O pior pode estar por vir. Para Eliseu Barros, presidente da ABIH ( Associação Brasileira da Indústria de Hotéis do Ceará), por enquanto não há reflexo negativo no turismo no estado porque as pessoas que estão no Ceará no momento compraram seus pacotes antecipadamente. A ocupação dos hotéis está em 80% das acomodações, número normal para janeiro. 

Se essas ações se prolongarem, podemos ter um reflexo no futuro, com pacotes e viagens que estão sendo fechadas agora. Mas estamos vendo uma melhora e não houve incidentes em áreas turísticas como o Beach Park (na cidade de Aquiraz, na Grande Fortaleza), Beira-Mar, Praia do Futuro, onde os turistas transitam com frequência”, disse Barros.

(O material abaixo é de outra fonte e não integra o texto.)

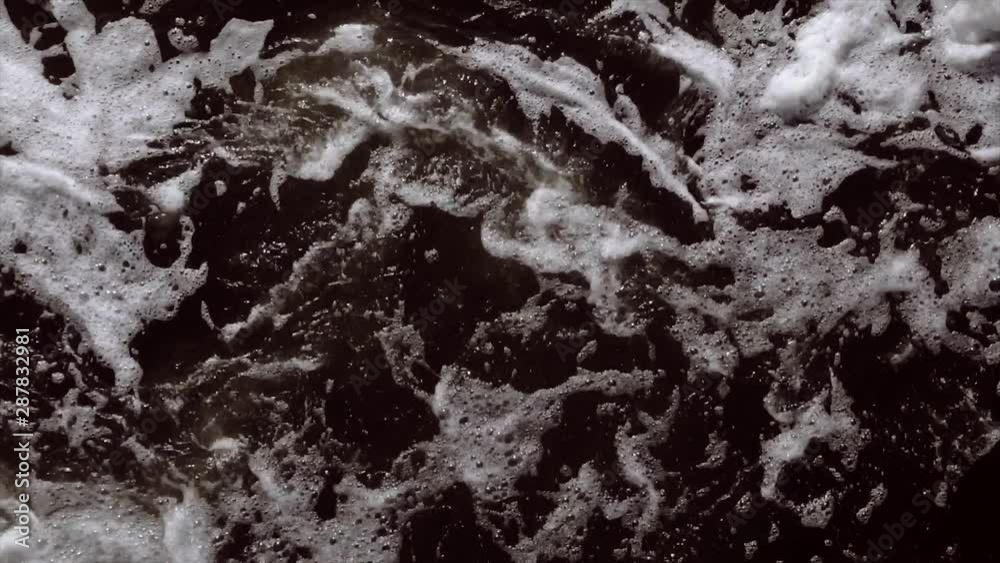 Swirling foam in water - Aerial drone shot - Slow motion Swirling foam in water - Aerial drone shot - Slow motion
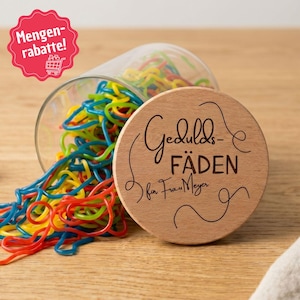 Könnte beinhalten: Ein durchsichtiges Glasgefäß gefüllt mit bunten roten, gelben, blauen und grünen Fruchtgummischnüren. Der runde Holzdeckel ist mit dem Text Gedulds-FÄDEN für Frau Meyer sowie dekorativen geschwungenen Linienmustern graviert.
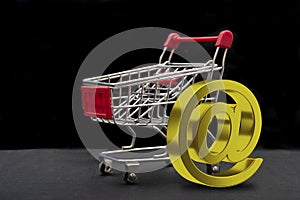 Online shopping concept with cart and 3D email sign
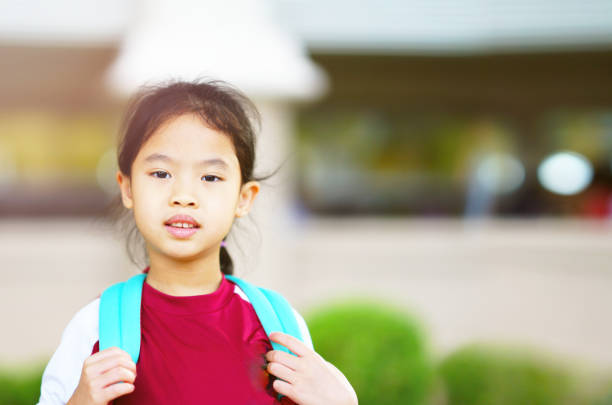 istock child with backpack on blur school background in back to school concept 1384863114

O casal argentino Rubén Damian Tófolli, 29, e Karen Irattiui, 25, estavam programados desde setembro de 2018 para viajar pela primeira vez ao Ceará. No início da tarde de terça, levavam o filho Mateo, de oito meses, no colo de volta ao hotel no bairro do Meirelles, região nobre de Fortaleza. Não tinham ouvido falar dos atentados criminosos que há seis dias amedrontam a cidade. “Mas é perigoso andar por esse bairro?”, perguntou Irratiui.

“Há muitas favelas por aqui, por isso os problemas?”, foi a pergunta de Tóffoli, que é contador na cidade de Corrientes, distante mais de 900 km de Buenos Aires. “Ganhamos a viagem da mãe de Karen, estamos em três casais aqui. O preço estava bom e havíamos ouvido falar das belezas das praias”, disse Tófolli.

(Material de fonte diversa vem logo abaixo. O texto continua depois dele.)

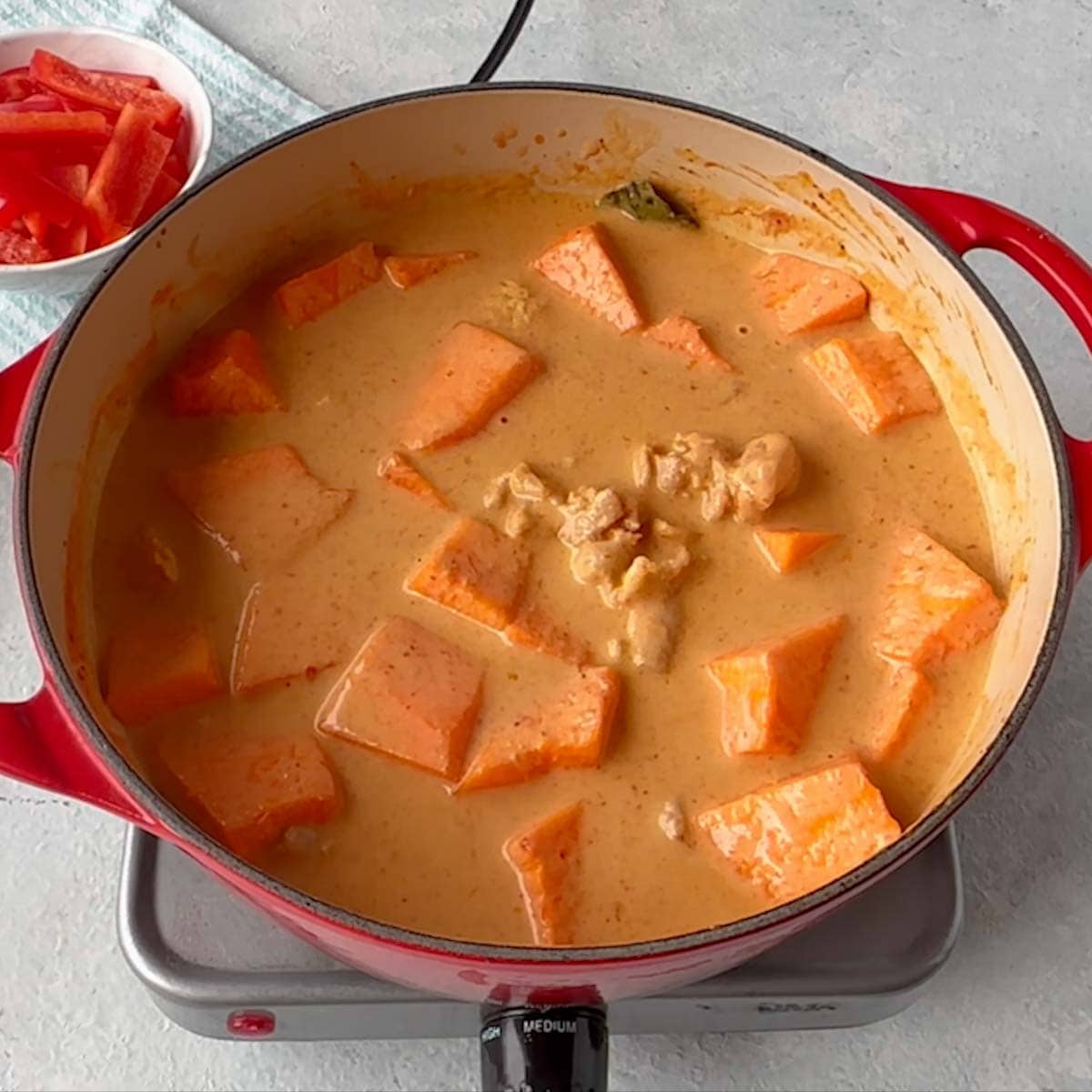 Pumpkin Chicken Curry getting getting cook at medium heat.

Poucas informações sobre os atentados também tinha Carlos Alex Seidel, 39, e sua namorada Rafaela Gomes, 31, do Espírito Santo. Eles chegaram a Fortaleza no início desta terça e ouviram alguns comentários de violência no hotel. Eles programaram a viagem há dois meses, e se olharam por alguns segundos quando perguntados se mudariam os planos se fossem escolher o destino hoje, sabendo da violência em Fortaleza. “Vamos para outras praias do Ceará também, Jericoacoara. Teríamos vindo”, disse Gomes.

O turismo, segundo o Governo do Ceará, representa atualmente 5% do PIB (Produto Interno Bruto) do estado, mas essa participação deve aumentar nos próximos anos, principalmente em consequência do “hub aéreo” (Air France/KLM/Gol) que levará mais voos internacionais ao estado e deve atrair turistas de novos mercados.

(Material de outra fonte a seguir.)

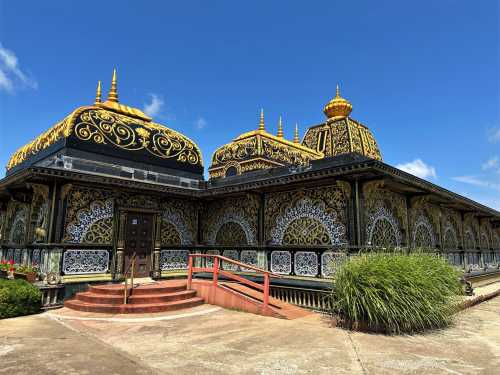 A beautifully ornate temple with golden domes and intricate designs, surrounded by greenery and a clear blue sky.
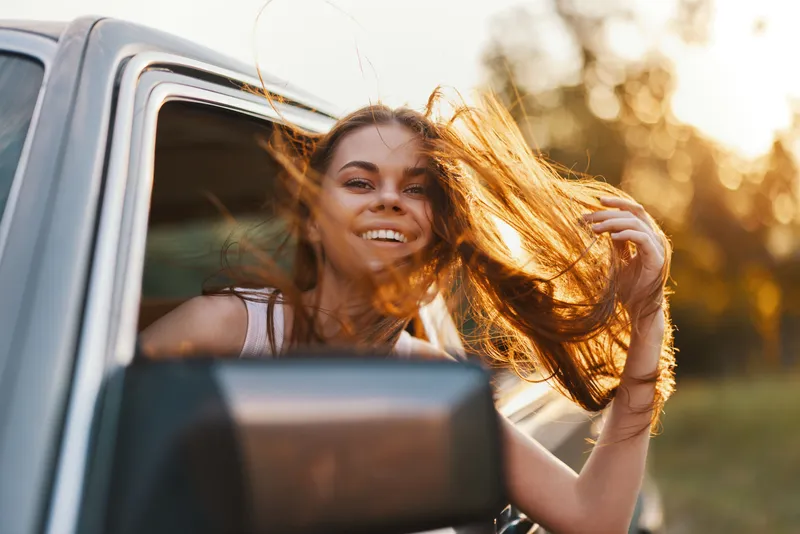 Cheerful woman enjoying a summer road trip with hair blowing in the wind, capturing the essence of freedom and adventure in a sunny outdoor setting.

Em 2017 também foi inaugurado o aeroporto de Jericoacoara, que na verdade fica em Cruz, a 30 km da famosa praia da cidade de Jijoca, mas que até dois anos atrás tinha o aeroporto de Fortaleza, a 300 km, como acesso mais próximo. Há perspectiva de que o turismo não só em Jericoacoara, mas também em outras praias do litoral oeste, como Camocim e Acaraú, aumente com o decorrer dos anos —hoje são voos saindo de São Paulo, Belo Horizonte, Recife e Campinas. Tudo isso, claro, pode depender da questão da segurança.

“Tivemos algumas pessoas perguntando às agências sobre informações de como estava a situação, alguns remanejamentos de datas de viagem, esperando baixar a poeira para viajar ao Ceará. Claro que essa situação arranha a imagem de Fortaleza e do estado, turisticamente, e preocupa famílias que queiram viajar, mas a situação já toma um relativo controle. Acredito que não teremos problemas com os pacotes de Carnaval e Semana Santa”, disse Colombo Cialdini, presidente da ABAV (Associação Brasileira de Agências de Viagens) no Ceará.

O Governo do Ceará informou que os policiais estão distribuindo folders contendo dicas de segurança em três idiomas, com telefones úteis dos órgãos de segurança, além de telefones de emergência e informações em geral. Informou também que o Batalhão de Policiamento Turístico (BPTur) conta com 700 homens e 50 viaturas e que a vila de Jericoacoara recebeu em dezembro de 2018 uma delegacia móvel da Polícia Civil, funcionando 24 horas por dia.